I. Screening Requirement

Plaintiff Jesse Gholston ("Plaintiff") is a state prisoner proceeding pro se and in forma pauperis in this civil rights action pursuant to 42 U.S.C. § 1983. The complaint in this action was filed on July 31, 2009. (Doc. 1.) On December 29, 2009, the complaint was dismissed, with leave to amend, for failure to state a claim. (Doc. 7.) Currently pending before the Court is the first amended complaint, filed April 9, 2010. (Doc. 16.)

The Court is required to screen complaints brought by prisoners seeking relief against a governmental entity or officer or employee of a governmental entity. 28 U.S.C. § 1915A(a). The Court must dismiss a complaint or portion thereof if the prisoner has raised claims that are legally "frivolous or malicious," that "fails to state a claim on which relief may be granted," or that "seeks monetary relief against a defendant who is immune from such relief." 28 U.S.C § 1915(e)(2)(B).

In determining whether a complaint states a claim, the Court looks to the pleading standard under Federal Rule of Civil Procedure 8(a). Under Rule 8(a), a complaint must contain "a short and plain statement of the claim showing that the pleader is entitled to relief." Fed. R. Civ. P. 8(a)(2).

"[T]he pleading standard Rule 8 announces does not require 'detailed factual allegations,' but it demands more than an unadorned, the-defendant-unlawfully-harmed-me accusation." Ashcroft v. Iqbal, 129 S. Ct. 1937, 1949 (2009) (quoting Bell Atlantic Corp. v. Twombly, 550 U.S. 554, 555 (2007)).
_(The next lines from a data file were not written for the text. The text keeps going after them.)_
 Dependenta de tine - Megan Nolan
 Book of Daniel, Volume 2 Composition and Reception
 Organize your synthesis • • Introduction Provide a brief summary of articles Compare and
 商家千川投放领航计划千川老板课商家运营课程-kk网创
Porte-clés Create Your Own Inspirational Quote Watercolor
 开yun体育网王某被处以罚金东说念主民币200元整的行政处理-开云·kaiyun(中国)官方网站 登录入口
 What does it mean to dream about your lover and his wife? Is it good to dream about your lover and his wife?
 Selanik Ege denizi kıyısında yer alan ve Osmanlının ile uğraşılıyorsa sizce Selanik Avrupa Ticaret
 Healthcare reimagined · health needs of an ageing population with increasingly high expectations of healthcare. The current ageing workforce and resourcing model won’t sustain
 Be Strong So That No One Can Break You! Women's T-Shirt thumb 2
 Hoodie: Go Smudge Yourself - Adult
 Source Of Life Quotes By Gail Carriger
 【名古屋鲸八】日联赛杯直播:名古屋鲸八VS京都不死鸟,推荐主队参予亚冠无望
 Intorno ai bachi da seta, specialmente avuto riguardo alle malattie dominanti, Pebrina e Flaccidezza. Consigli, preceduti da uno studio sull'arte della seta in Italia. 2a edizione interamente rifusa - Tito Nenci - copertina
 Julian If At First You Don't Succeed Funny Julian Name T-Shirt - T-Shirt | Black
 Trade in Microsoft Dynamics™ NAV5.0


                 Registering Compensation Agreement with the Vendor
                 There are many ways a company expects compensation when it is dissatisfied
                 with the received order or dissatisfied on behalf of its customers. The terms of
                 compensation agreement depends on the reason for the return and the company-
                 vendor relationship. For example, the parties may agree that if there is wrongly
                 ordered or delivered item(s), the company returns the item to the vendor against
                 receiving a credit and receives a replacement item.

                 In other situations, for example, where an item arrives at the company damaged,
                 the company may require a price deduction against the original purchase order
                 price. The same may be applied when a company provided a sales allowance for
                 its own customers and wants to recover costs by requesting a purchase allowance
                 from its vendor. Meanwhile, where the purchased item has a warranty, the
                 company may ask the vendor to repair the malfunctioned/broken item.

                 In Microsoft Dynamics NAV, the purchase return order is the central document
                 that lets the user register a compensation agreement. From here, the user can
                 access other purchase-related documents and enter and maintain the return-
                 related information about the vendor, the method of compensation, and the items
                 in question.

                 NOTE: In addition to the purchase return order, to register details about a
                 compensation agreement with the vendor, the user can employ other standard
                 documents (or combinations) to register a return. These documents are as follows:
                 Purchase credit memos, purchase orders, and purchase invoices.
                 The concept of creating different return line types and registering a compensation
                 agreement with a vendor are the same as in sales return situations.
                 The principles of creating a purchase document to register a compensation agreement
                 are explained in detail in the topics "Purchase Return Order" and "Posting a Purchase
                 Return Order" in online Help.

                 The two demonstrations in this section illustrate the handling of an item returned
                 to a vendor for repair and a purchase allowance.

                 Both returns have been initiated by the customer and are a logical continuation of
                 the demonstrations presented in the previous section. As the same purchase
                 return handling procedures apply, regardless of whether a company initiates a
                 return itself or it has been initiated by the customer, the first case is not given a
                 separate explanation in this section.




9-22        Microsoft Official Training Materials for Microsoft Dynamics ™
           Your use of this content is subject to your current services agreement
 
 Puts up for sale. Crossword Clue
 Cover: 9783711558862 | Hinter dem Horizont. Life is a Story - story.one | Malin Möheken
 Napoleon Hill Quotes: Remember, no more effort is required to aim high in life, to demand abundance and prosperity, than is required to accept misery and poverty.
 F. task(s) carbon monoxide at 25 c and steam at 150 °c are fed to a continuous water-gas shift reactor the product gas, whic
Under section 1983, Plaintiff must demonstrate that each defendant personally participated in the deprivation of his rights. Jones v. Williams, 297 F.3d 930, 934 (9th Cir. 2002). This requires the presentation of factual allegations sufficient to state a plausible claim for relief. Iqbal, 129 S. Ct. at 1949-50; Moss v. U.S. Secret Service, 572 F.3d 962, 969 (9th Cir. 2009). "[A] complaint [that] pleads facts that are 'merely consistent with' a defendant's liability . . . 'stops short of the line between possibility and plausibility of entitlement to relief.'" Iqbal, 129 S. Ct. at 1949 (quoting Twombly, 550 U.S. at 557). Further, although a court must accept as true all factual allegations contained in a complaint, a court need not accept a plaintiff's legal conclusions as true. Iqbal, 129 S. Ct. at 1949. "Threadbare recitals of the elements of a cause of action, supported by mere conclusory statements, do not suffice." Id. (quoting Twombly, 550 U.S. at 555).

II. Complaint Allegations

Plaintiff, a developmentally disabled inmate in the custody of the Department of Corrections and Rehabilitation, is incarcerated at California State Prison, Corcoran. In February 2007, Plaintiff was placed in a cell due to a involuntary cell assignment. (Doc. 16, ¶ 12; p. 13.) Plaintiff, fearful of the change, was told by correctional officers that his new cellmate was an "alright standup guy." (Id., ¶¶ 13, 14.) Within twenty four hours of being placed in the new cell, Plaintiff was raped and beaten by his cellmate, inmate Briggs. (Id., ¶ 14.) Inmate Briggs identified himself as a member of the "Black Gorilla Family" and told Plaintiff that if he told what had happened he would be killed. Plaintiff believed he would be killed if he told anyone what had occurred. (Id., ¶ 17.)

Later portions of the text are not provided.